Pompeo tends to put the clash with China on an ideological level, for which he is in any case not culturally equipped. He tries to apply to the present reality the slogans and clichés of the Cold War era, an era that, by now, is not only over, but also characterized by the fact that at that time thare was the clash of two different and absolutely irreconcilable visions of the ends of politics and of societal organization. While today the US-China rivalsry is, at most, a quarrel between two states between which a problem of prestige and rank has arisen, as well as a question of pique, but whose economic interests are only partially conflicting. Indeed, in the frame of globalization, they have been very strongly complementary up to now, and so remain to a large extent
The outgoing president, unlike Pompeo, is a born tradesman, well aware of the fact that there are very strong American interests in China, as well as of the fact that the American market is absolutely essential for the People’s Republic. And if he beats the bass drum against Beijing today, it is only foe strictly electoral reasons: but Trump will probably devote the day immediately following his possible re-election to shift to another language and another behavior, both much more moderate and aiming to an agreement with the great Asian power. For Trump, Pompeo’s antiquated and Maramaldian anti-Communist messianism can only be useful from now to early November, during a campaign in which postal voting has in fact already begun. It is only provisionally that he needs Pompeo, to win the vote of a far-right minority whose attitude is very different, actually the opposite, of his pragmatism, and of his own character. The day after the elections will be another day – as Scarlett o’Hara would say -, and above all another four years set.
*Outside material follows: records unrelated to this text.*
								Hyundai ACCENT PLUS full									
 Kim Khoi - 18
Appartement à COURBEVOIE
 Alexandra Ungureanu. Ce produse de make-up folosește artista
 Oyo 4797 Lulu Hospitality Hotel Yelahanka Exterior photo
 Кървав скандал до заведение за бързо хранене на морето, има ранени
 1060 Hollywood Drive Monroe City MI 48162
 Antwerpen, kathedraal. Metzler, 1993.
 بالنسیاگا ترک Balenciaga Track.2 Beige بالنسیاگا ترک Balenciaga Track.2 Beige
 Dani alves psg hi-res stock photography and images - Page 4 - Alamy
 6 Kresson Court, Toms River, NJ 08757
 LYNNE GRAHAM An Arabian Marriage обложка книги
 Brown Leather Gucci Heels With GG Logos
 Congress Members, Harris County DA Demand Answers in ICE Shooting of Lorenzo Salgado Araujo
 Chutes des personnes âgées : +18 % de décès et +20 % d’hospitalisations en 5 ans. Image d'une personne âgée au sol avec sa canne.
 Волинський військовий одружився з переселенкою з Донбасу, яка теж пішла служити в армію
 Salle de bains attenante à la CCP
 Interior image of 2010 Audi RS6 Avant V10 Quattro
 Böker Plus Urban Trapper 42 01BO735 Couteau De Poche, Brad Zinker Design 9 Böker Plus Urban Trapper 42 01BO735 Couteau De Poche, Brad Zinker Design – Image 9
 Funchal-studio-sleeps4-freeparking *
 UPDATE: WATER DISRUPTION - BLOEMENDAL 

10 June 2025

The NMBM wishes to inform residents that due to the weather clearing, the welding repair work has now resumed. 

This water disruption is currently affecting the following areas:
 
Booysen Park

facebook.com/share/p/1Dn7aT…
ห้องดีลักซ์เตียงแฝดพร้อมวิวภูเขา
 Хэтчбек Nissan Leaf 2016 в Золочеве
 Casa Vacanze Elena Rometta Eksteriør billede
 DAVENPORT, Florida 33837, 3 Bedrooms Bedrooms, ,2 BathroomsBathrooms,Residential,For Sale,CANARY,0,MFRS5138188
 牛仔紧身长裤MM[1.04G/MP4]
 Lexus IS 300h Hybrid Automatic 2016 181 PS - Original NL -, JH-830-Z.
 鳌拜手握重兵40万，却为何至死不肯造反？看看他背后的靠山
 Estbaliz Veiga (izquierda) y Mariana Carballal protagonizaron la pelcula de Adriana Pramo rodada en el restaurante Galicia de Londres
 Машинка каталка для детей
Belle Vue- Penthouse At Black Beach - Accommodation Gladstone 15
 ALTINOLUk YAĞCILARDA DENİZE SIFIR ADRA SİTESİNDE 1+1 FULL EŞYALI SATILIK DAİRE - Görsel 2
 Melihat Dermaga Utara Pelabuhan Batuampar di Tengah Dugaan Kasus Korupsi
And most likely it will be the turn of another secretary of state,
This obviously does not mean that the noise and confusion caused by Pompeo will vanish out without leaving any result and no trace behind it. Because it has been inevitable that, in Beijing, those who follow world affairs had subtly made fun of Pompeo’s statement that the Catholic Church would lose moral authority if it did not follow his advice. Moreover, always on the Chinese side, it has certainly happened – as some very influential personalities seem to suggest, albeit in very diplomatic terms – that such a crude intervention by the US Secretary of State can only increase the Middle Empire’s interest in having “more intense” relations with the Holy See.